- _Recorded information_
* * *

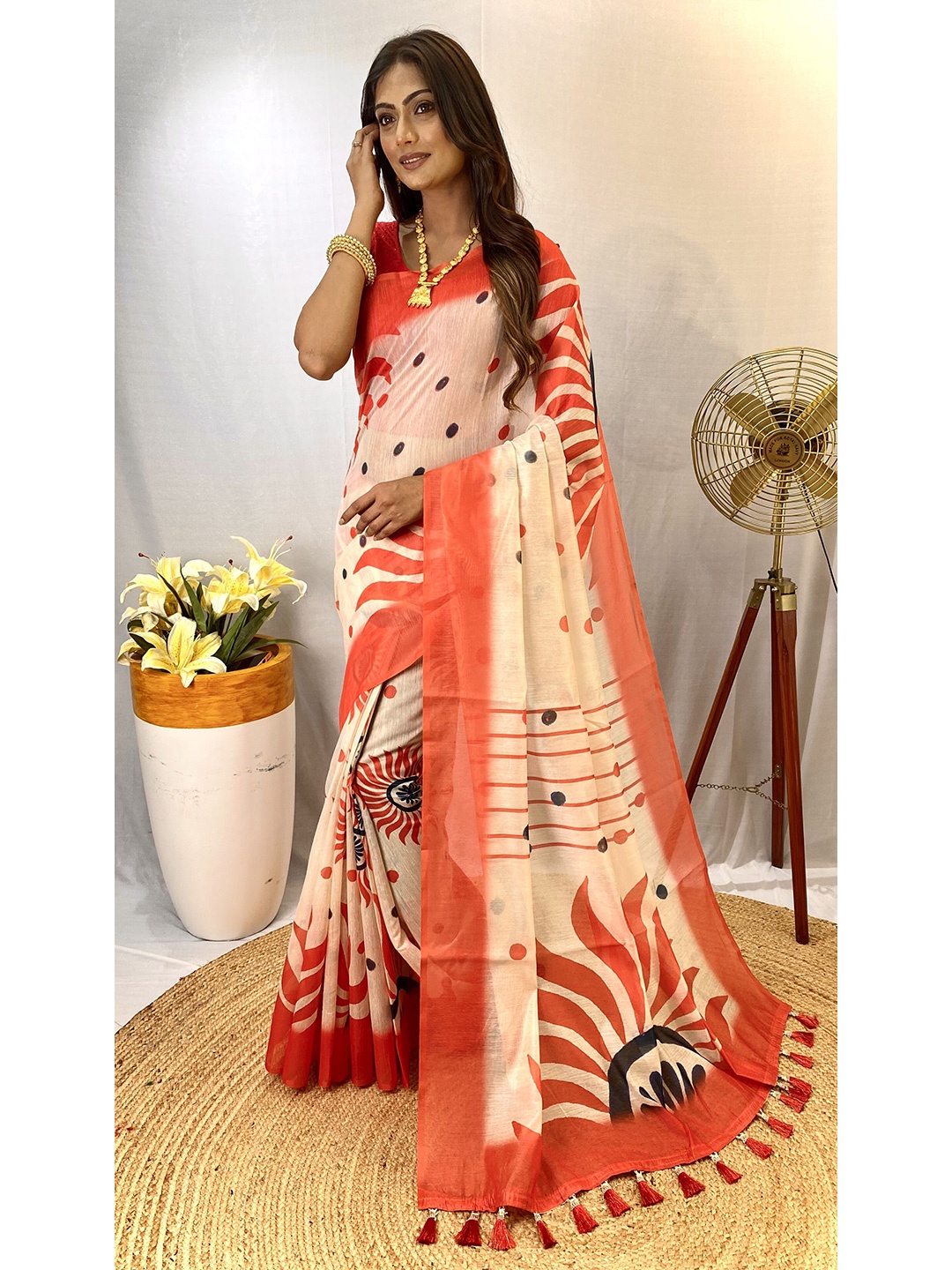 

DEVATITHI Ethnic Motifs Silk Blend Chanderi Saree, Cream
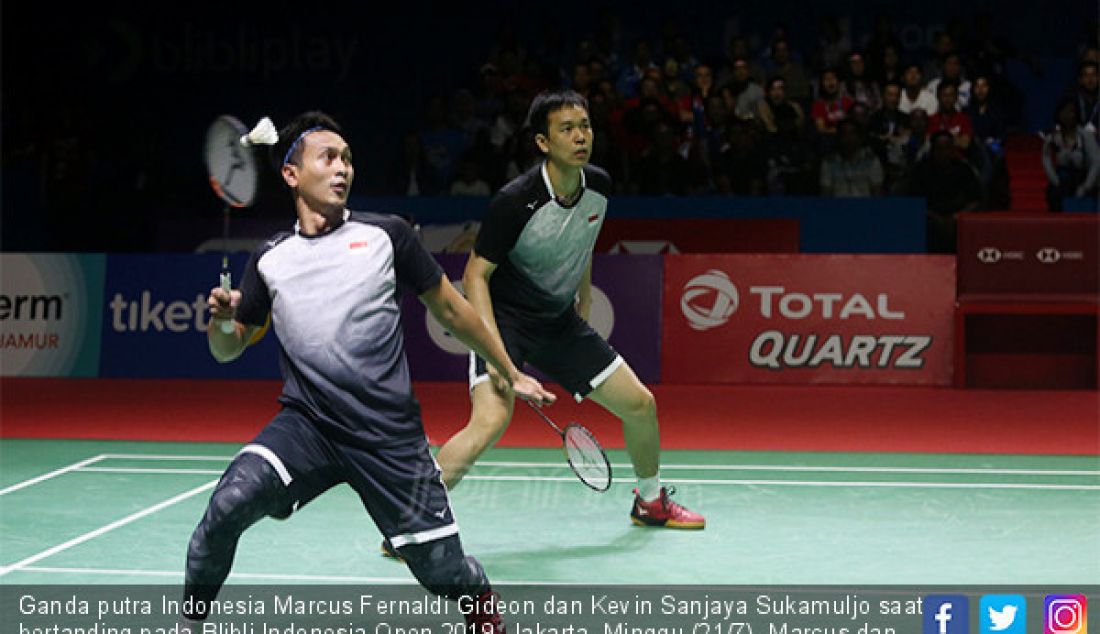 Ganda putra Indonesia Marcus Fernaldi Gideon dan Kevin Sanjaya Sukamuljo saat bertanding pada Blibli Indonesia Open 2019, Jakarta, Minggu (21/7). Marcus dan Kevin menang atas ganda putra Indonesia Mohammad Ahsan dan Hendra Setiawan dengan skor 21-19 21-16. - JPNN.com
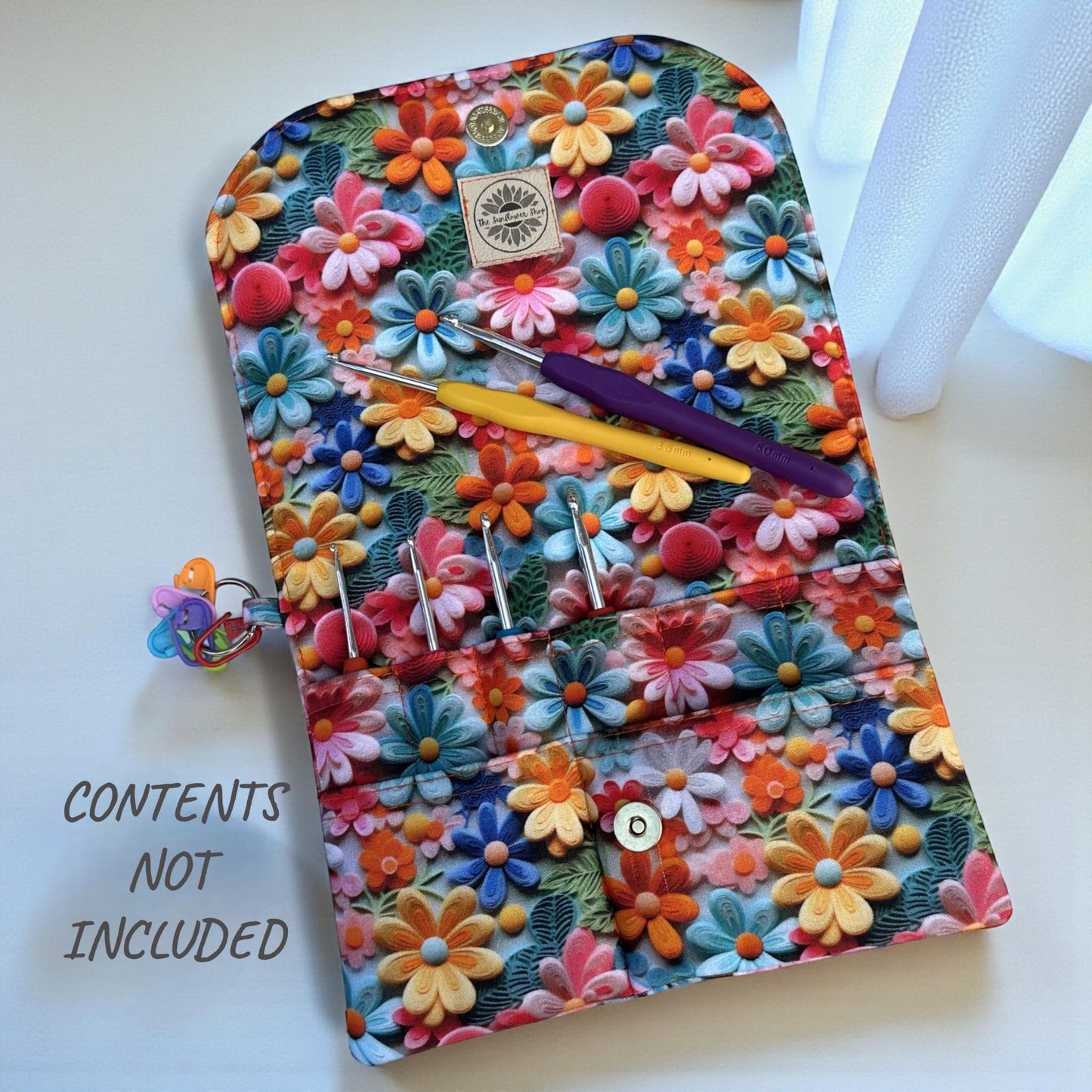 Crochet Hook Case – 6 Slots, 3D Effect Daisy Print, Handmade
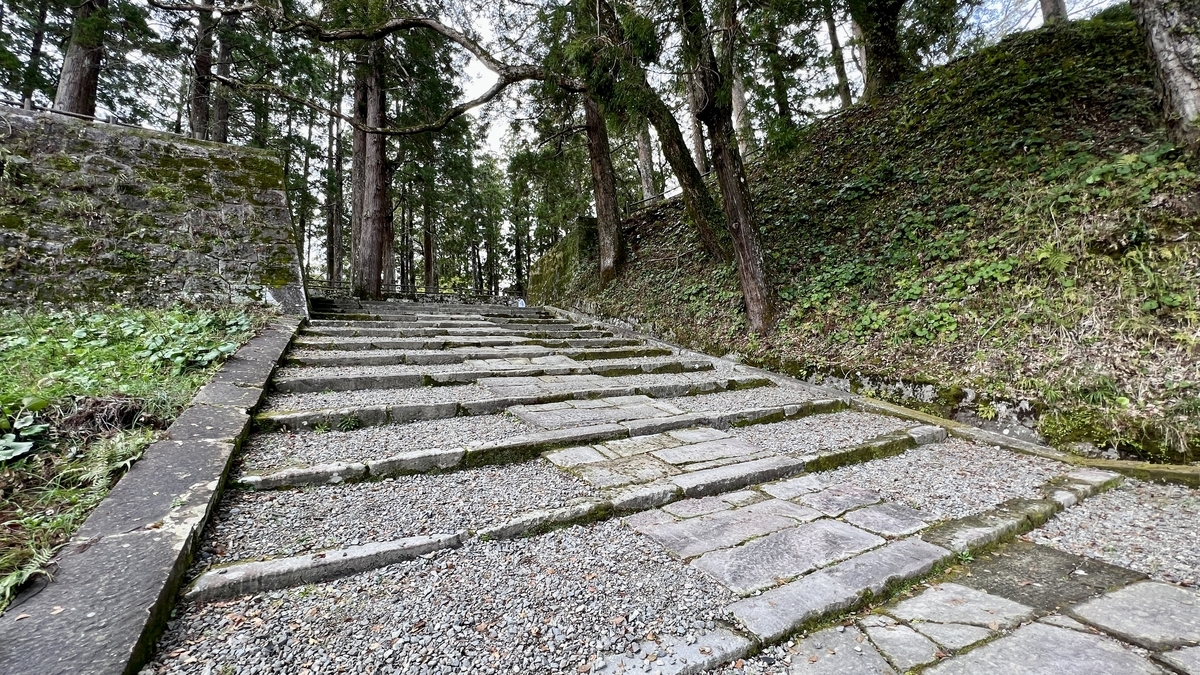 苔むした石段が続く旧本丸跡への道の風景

* * *

- _Aim of the task_
Repeat the listing above exactly, with no pictures.

- _Written solution_
DEVATITHI Ethnic Motifs Silk Blend Chanderi Saree, Cream
 Ganda putra Indonesia Marcus Fernaldi Gideon dan Kevin Sanjaya Sukamuljo saat bertanding pada Blibli Indonesia Open 2019, Jakarta, Minggu (21/7). Marcus dan Kevin menang atas ganda putra Indonesia Mohammad Ahsan dan Hendra Setiawan dengan skor 21-19 21-16. - JPNN.com
 Crochet Hook Case – 6 Slots, 3D Effect Daisy Print, Handmade
 苔むした石段が続く旧本丸跡への道の風景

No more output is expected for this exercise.